To do justice to all nations; to seek it from them by peaceable means in preference to war; and to confide in this policy for avoiding that extremity; or securing the blessing of Heaven, when forced upon us, is the only course of which the United States can never have reason to repent.
[1 ]The letter is a rough draft and a blank is left in the original for the name of the person to whom it was sent. In the New York Public Library (Lenox) there is another draft, also in Madison’s hand, of the greater part of the letter. (See note 1, p. 244.) It is probable, therefore, that the letter was sent in substance to several of Madison’s correspondents.
[1 ]Hamilton. See the letters in Hamilton’s Works (Lodge), IV., 371.
[1 ]Among the Madison MSS. is a statement not in Madison’s hand, but doubtless written from a draft of his (dated August, 1795), relating to the treaty especially with reference to the British debts. It says that no law of any State passed since the treaty of 1783 had released the American debtor from any of his debts. Delays of payment and insolvencies had taken place. The treaty of 1794, however, settled that he was to bear the consequence of his own laches. Resolved into convenient shape the treaty of 1782 provided that the following things were to be done: (1) Great Britain was to acknowledge the absolute independence of the United States. This was the sine qua non of opening negotiations. (2) Hostilities were to cease on both sides. (3) Peace was to be an accomplished fact by the delivery to the United States of certain parts of the country then held by Great Britain. This stipulation had not been fulfilled by Great Britain. (4) In evacuating the posts the British forces were to abstain from certain descriptions of injurious acts, which had before taken place upon the evacuation of posts held by them for a time in America. This had not been carried out in the matter of the negroes whom the enemy carried with him when he evacuated. (5) When all of these things had been done, then, and not until then, were the British owners and late owners of certain descriptions of property to meet with no lawful impediment to the recovery of the same. (6) When these stipulations had been carried out, certain persons were to receive the benefit of Congressional recommendations for the recovery of claims against citizens of the United States. (7) There were certain other stipulations affecting national and local rights, such as those concerning the fisheries and the Mississippi, at present untouched.

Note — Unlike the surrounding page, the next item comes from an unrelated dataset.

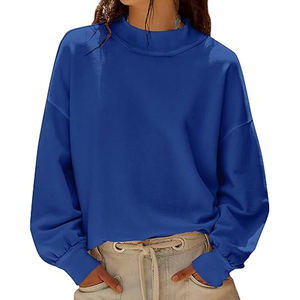Custom Logo <b>Women</b> Winter Fleece Oversized Pullover <b>Jumper</b> <b>Long</b> Sleeves Drop Shoulder Mock Neck 100% Cotton Sweatshirt Top - Product Image 1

[1 ]From this paragraph to the end, the MS. in the New York Public Library (Lenox) is the same, with a few variations indicated in these notes.
[2 ]In the Lenox MS. this sentence is added: “These equitable and reciprocal claims of the U. S. are not even allowed the chance of arbitration.”
[3 ]The Lenox MS. adds: “. . . if that article of the treaty shd be faithfully executed by G. Britain.”
[1 ]“See Ordinance regulating captures in 1781.”—Note in Madison’s hand.
[1 ]The Lenox MS. adds: “[See their act of 5 Octr. 1780.]”
[1 ]This sentence does not appear in the Lenox MS.